Tomorrow X Together chronology
| Sweet (2023) | The Name Chapter: Freefall (2023) | Minisode 3: Tomorrow (2024) |

Singles from The Name Chapter: Freefall
- "Do It Like That" Released: July 7, 2023; "Back For More" Released: September 15, 2023; "Chasing That Feeling" Released: October 13, 2023;

= The Name Chapter: Freefall =

The Name Chapter: Freefall is the fifth overall studio album by South Korean boy band Tomorrow X Together. It was released through BigHit Music and Republic Records on October 13, 2023.

==Background==
The album follows their 2023 extended play, The Name Chapter: Temptation, and was announced on August 29, 2023.

==Description==
The album contains a sole guest appearance from American pop rock band Jonas Brothers. It was supported by two singles: "Do It Like That", a collaboration with the Jonas Brothers, and "Chasing That Feeling". The song "Back for More" was also released before the album in a version that is a collaboration with Brazilian singer Anitta, but a solo version by the band is included on the album.

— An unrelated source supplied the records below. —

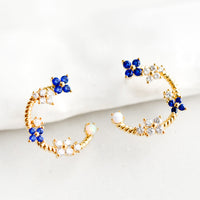 1: Gold hoop stud earrings with floral crystal detailing.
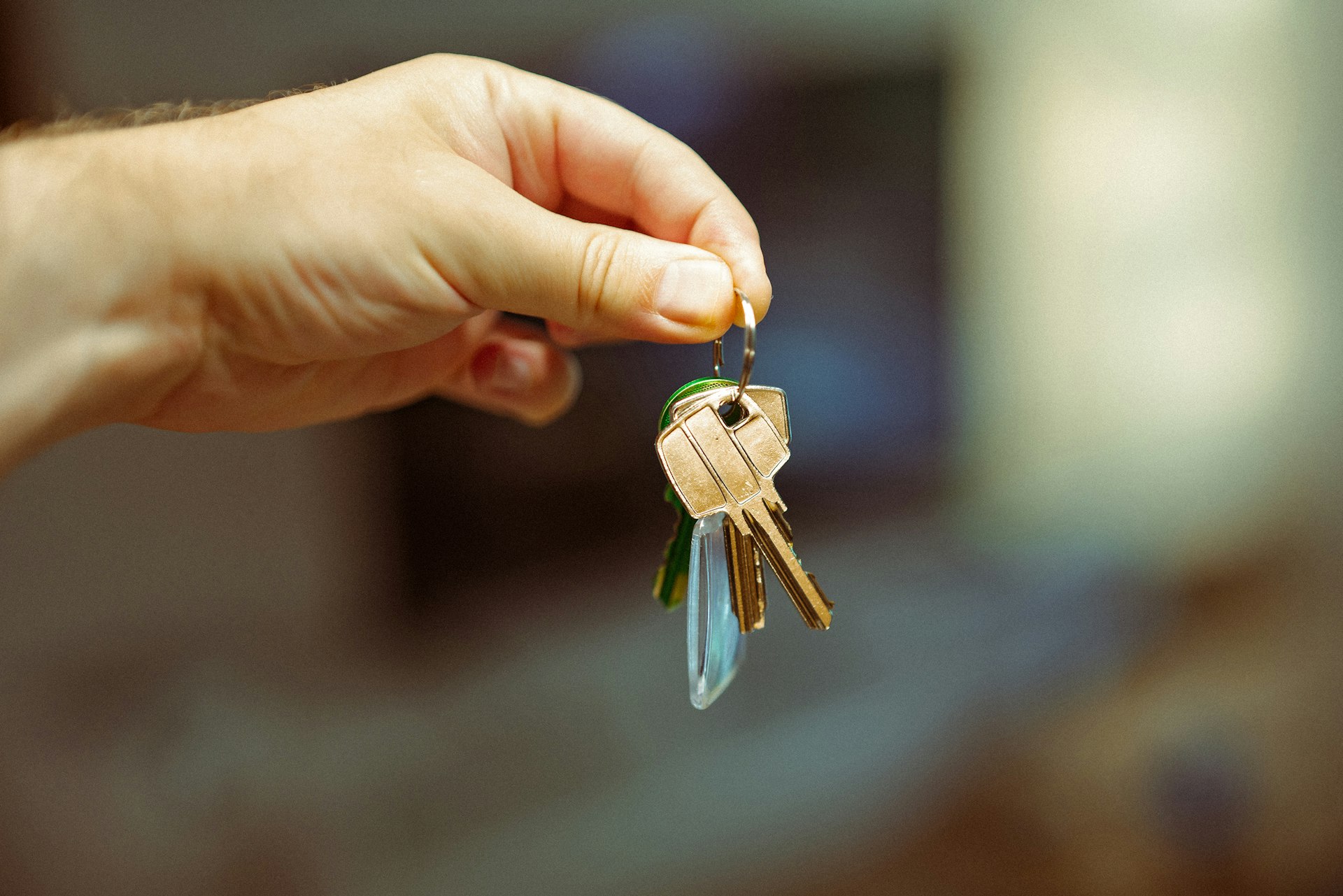 A person holding a bunch of keys in their hand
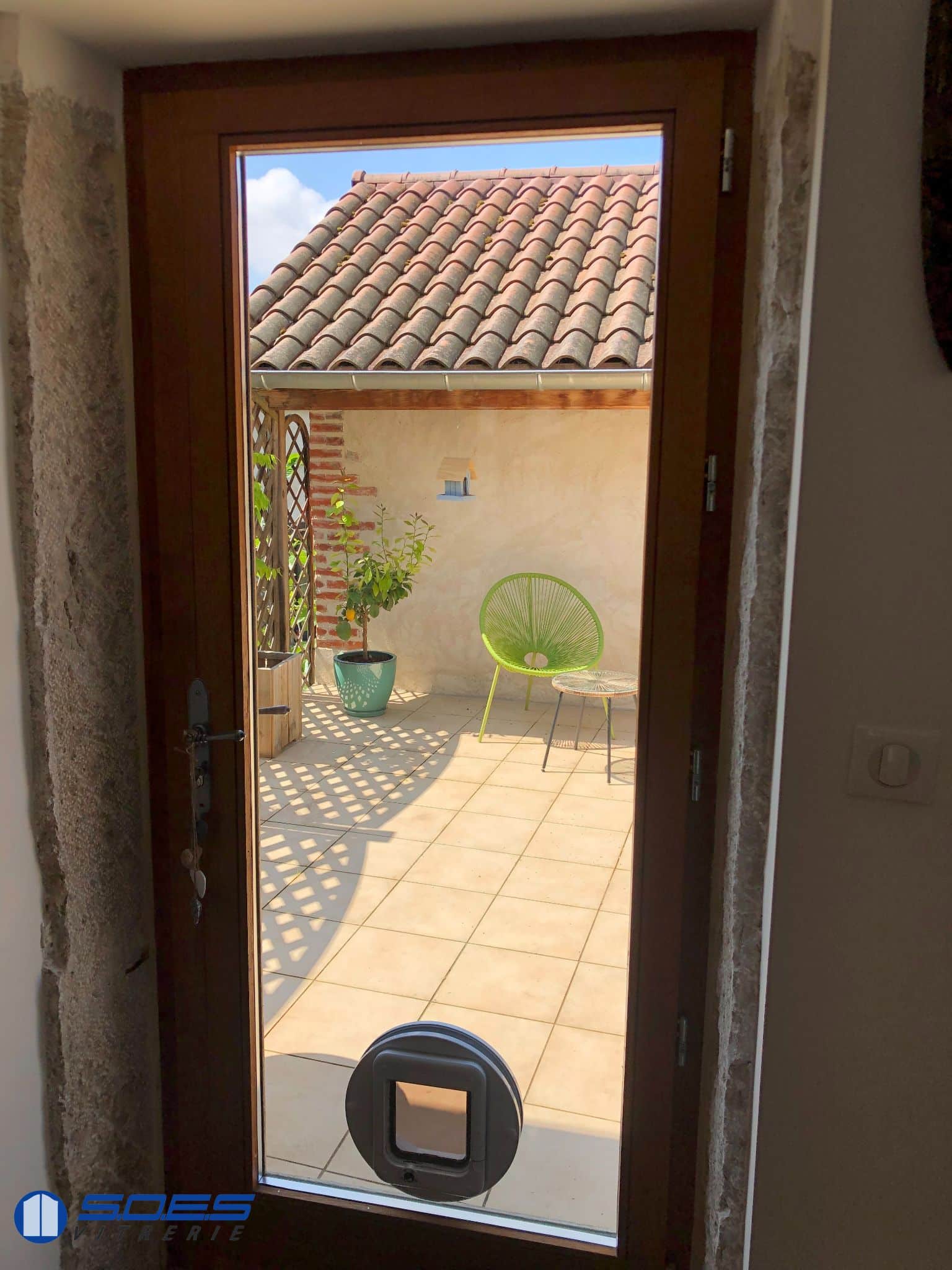 Chatière installée sur une porte vitrée donnant sur une terrasse ensoleillée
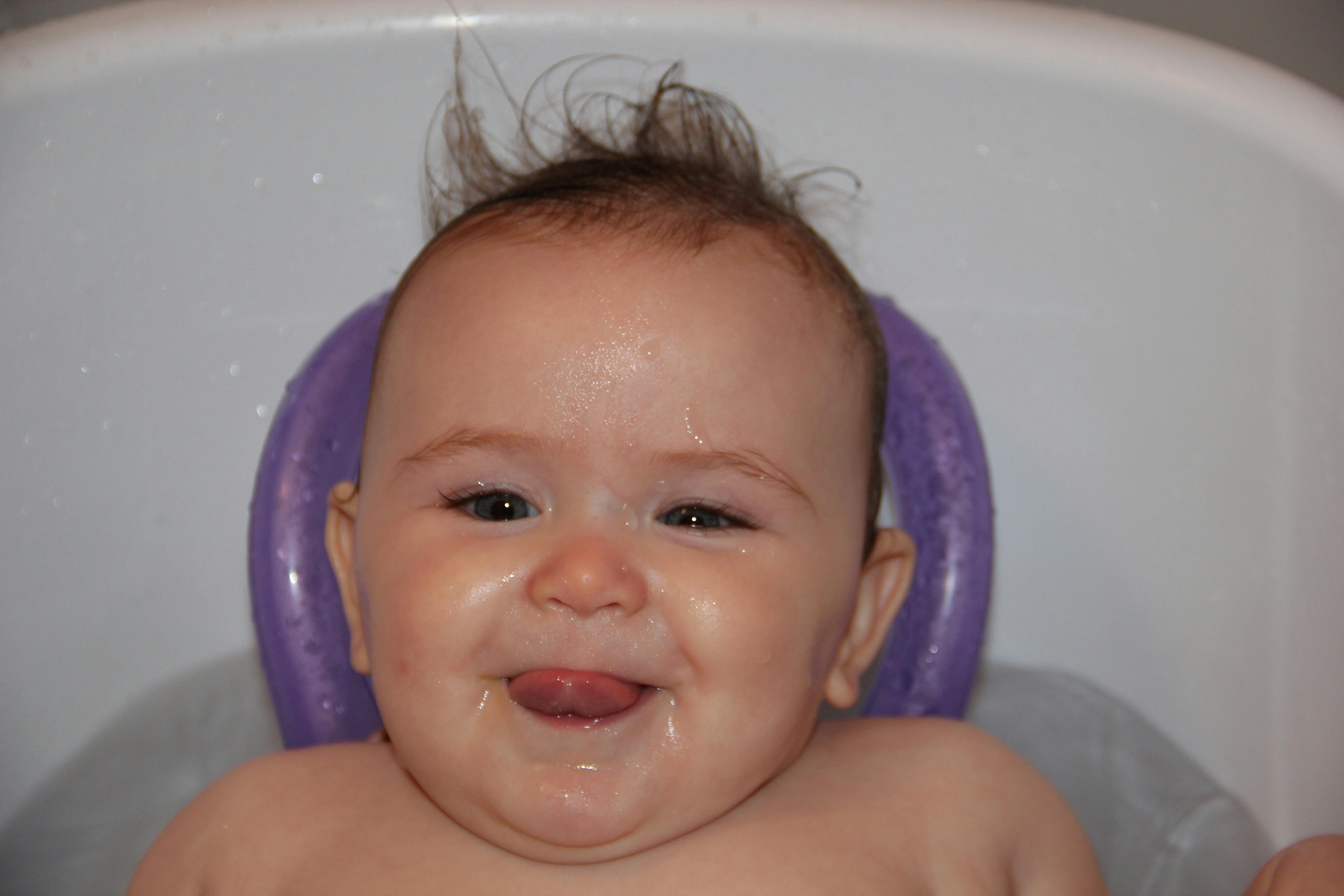 A baby sits in a bathtub. 
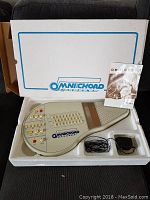 Full lot in white styrofoam packaging showing Omnichord, instruction manual, cables, and adapter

==Commercial performance==
The album debuted at number one on the South Korean Circle Album Chart, Japanese Oricon Albums Chart, and Billboard Japan Hot Albums chart. It sold over 2.4 million copies in its first week of release in South Korea, with an additional 215,000 copies sold of its Weverse version. It sold 225,000 copies in its first week in Japan.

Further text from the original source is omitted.